Una disputa desigual con la Casa Rosada
En la CGT admiten que la negociación con los gobernadores resulta compleja.
El Gobierno nacional cuenta con mayor capacidad de presión, sobre todo a través de recursos fiscales. Uno de los principales reclamos provinciales es la modificación del Impuesto a las Ganancias, por su impacto directo en la recaudación.
La postura de la CGT frente a la reforma
Jorge Sola cuestionó con dureza el proyecto impulsado por el Ejecutivo.
“A medida que se conoce el contenido real de la mal llamada reforma laboral, crece la percepción de que se busca profundizar la precarización y eliminar derechos constitucionales”, afirmó.
También apuntó contra el modelo económico: “No es la legislación laboral, sino una política que prioriza lo financiero y abandona la productividad, la que agrava la crisis de las pymes y destruye el tejido industrial”.

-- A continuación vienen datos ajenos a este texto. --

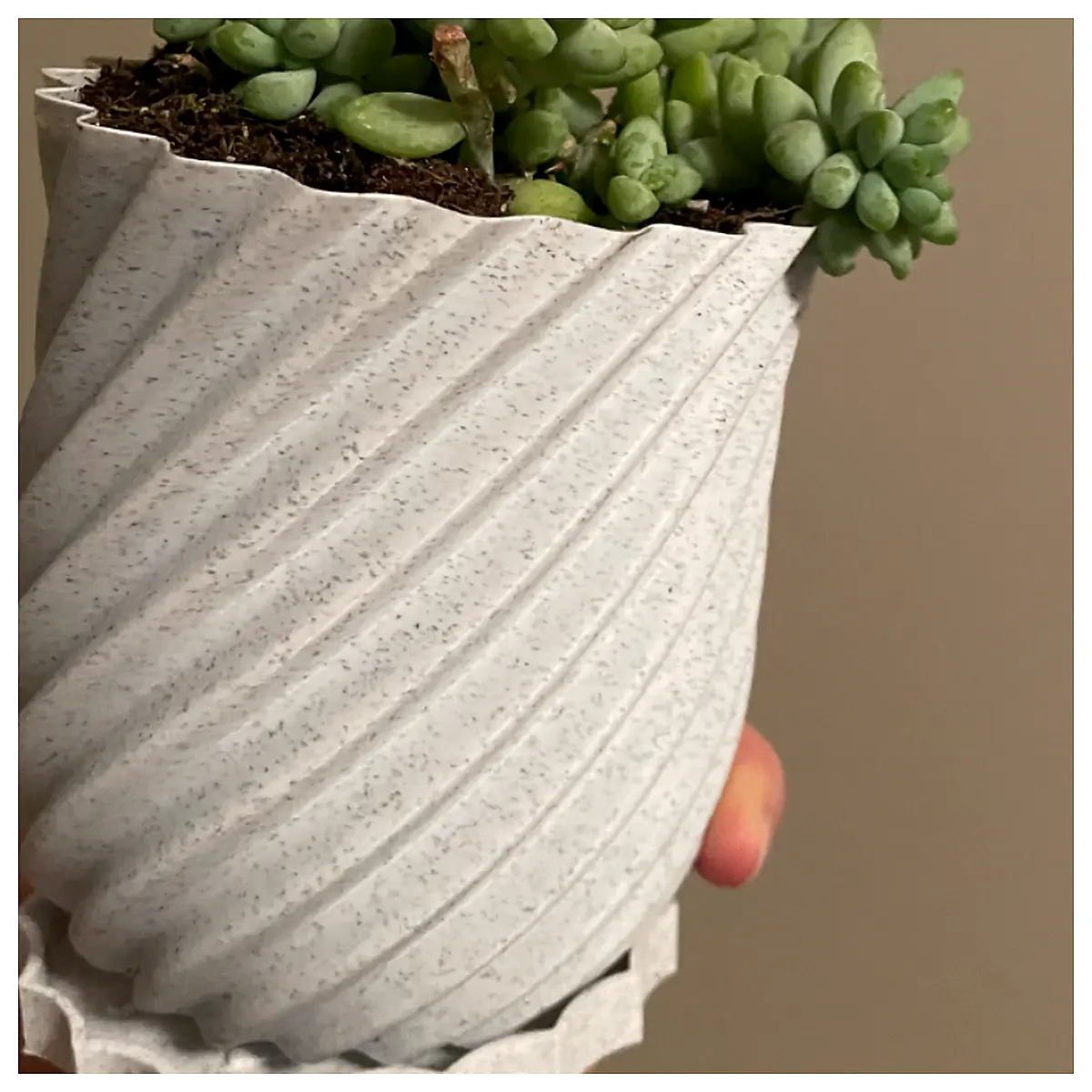 Plant Pot Universal Planter Flower Pot Gardening Container Soil Holder Accessories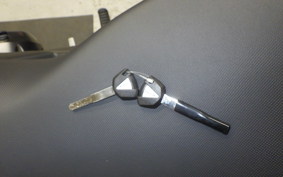 KAWASAKI NINJA1100SX SE 2025 ZXT10H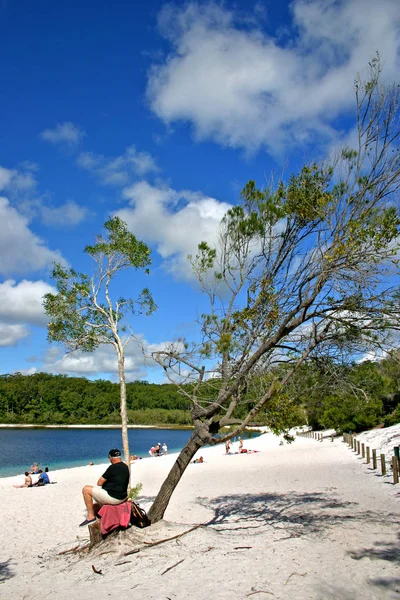 Fraser Island, Australia Dünya'nın en büyük kum Adası olduğunu — Stok fotoğraf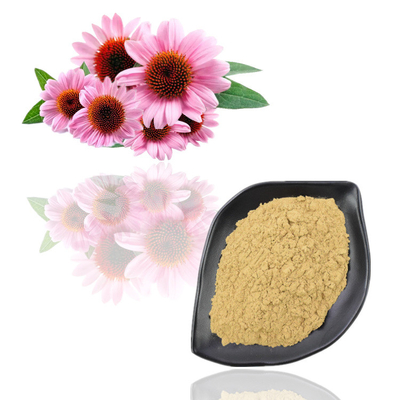 Εκχύλισμα λουλουδιών Echinacea Purpurea σκονών εκχυλισμάτων φυτού βαθμού τροφίμων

Advertencia al Congreso y a la Justicia
Sola reclamó a los legisladores votar en defensa de los trabajadores y anticipó un escenario judicial adverso para el Gobierno.
“Si el proyecto se aprueba, la Justicia va a declarar su inconstitucionalidad”, aseguró.
Además, negó la existencia de una comisión técnica negociadora en el Senado y denunció un tratamiento acelerado del proyecto.